Oh, boy! Where do I start? Last night’s BJJ seminar at Dartford BJJ with Gracie Barra black belt Marc Walder was supreme and absolutely jam-packed with technical know-how. Our club is privileged to be associated with Marc and we benefit immensely from his quarterly seminars.
Marc demonstrated core principles through a progression of techniques, unified by key themes:
1) balance, posture and grips are integral to successful positioning
2) hip movement and pressure is fundamental to moving between positions
3) positioning should allow for 50% offence and 50% defence
We worked through these concepts using variations of the standing guard pass (passing closed and spider guards) to end at side control or taking the back.

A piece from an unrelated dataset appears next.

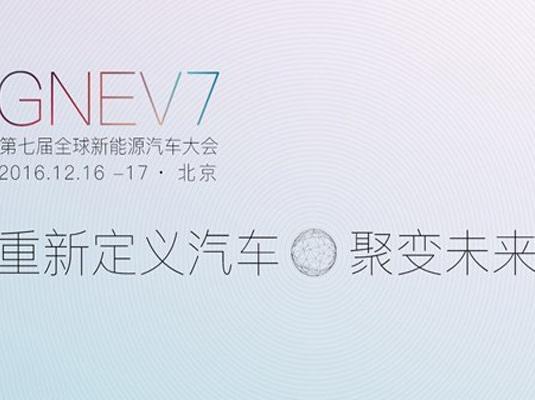 2016第七届全球新能源汽车大会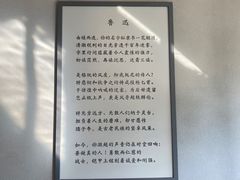 -北京鲁迅博物馆(北京新文化运动纪念馆鲁博馆区)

What was most pronounced for me was the fundamental importance of the hips. I have always been surprised by the importance of hip movement for both stand-up and ground work, and while hip movement and pressure may be generated differently in either context, it has always interested me that these two areas of work, on the surface polar opposites, share a great deal in common. I digress. Back to hips. In each progression of the pass, it was clear that keeping hips down and ‘glued’ to the opponent was a major component of successful technique. This will be a fairly obvious point to readers with BJJ/grappling experience, equally these readers will appreciate how difficult it is to achieve this ‘glue’ effect in practice. Not only was hip pressure emphasised, but also the use of hip movement for leverage rather than reliance strength in the limbs or back. As readers with takedown/throw experience will be aware, hip positioning and movement (coupled with appropriate posture, balance and grips) can allow the smaller person to lift much larger opponents with little discomfort. This principle of body mechanics can be applied to guard passing and, for instance, to clear a leg one can rely on forward hip movement and pressure rather than seeking to crudely control and clear the legs with hands.
Not only did we enjoy a seminar of intermediate level guard-tastic delights, we were also lucky enough to enjoy Marc’s tuition during our regular Wednesday night self-defence. I, personally, was proud to see Marc practicing one-on-one with the juniors with whom we share the self-defence class; that is exactly the attitude and sense of inclusion and love that keeps me coming back for more at Dartford BJJ and has me so chuffed to be part of the Marc Walder BJJ Team. A bit gushing, yes, but the cooperative nature of BJJ is a big part of its attraction for me, and I like that this component is emphasised in our club.
The seminar ended with a few exciting promotions and I am very pleased for the Academy’s new blue belts, well deserved as they are, and for the whites, blues, purples and browns who received fresh stripes. Well done people!